- _DESCRIPTION OF THE TASK_
Look through the entries below and report every line that has "with".

- _INPUT MATERIAL_
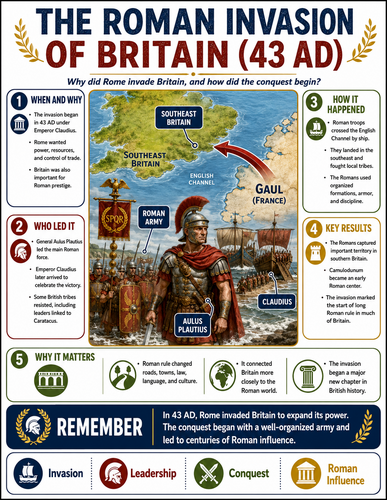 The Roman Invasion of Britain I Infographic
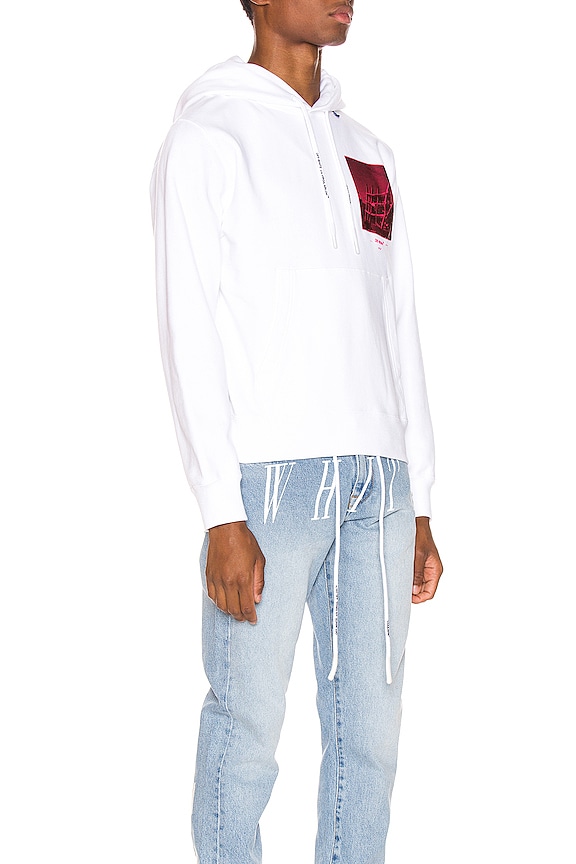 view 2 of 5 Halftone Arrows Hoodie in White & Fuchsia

...

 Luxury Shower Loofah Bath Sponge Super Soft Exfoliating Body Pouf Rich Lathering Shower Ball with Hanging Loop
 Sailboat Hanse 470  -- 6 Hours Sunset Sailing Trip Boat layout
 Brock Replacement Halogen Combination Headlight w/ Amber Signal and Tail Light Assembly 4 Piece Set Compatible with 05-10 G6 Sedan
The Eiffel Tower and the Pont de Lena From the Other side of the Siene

- _REPLY_
 Luxury Shower Loofah Bath Sponge Super Soft Exfoliating Body Pouf Rich Lathering Shower Ball with Hanging Loop
 Brock Replacement Halogen Combination Headlight w/ Amber Signal and Tail Light Assembly 4 Piece Set Compatible with 05-10 G6 Sedan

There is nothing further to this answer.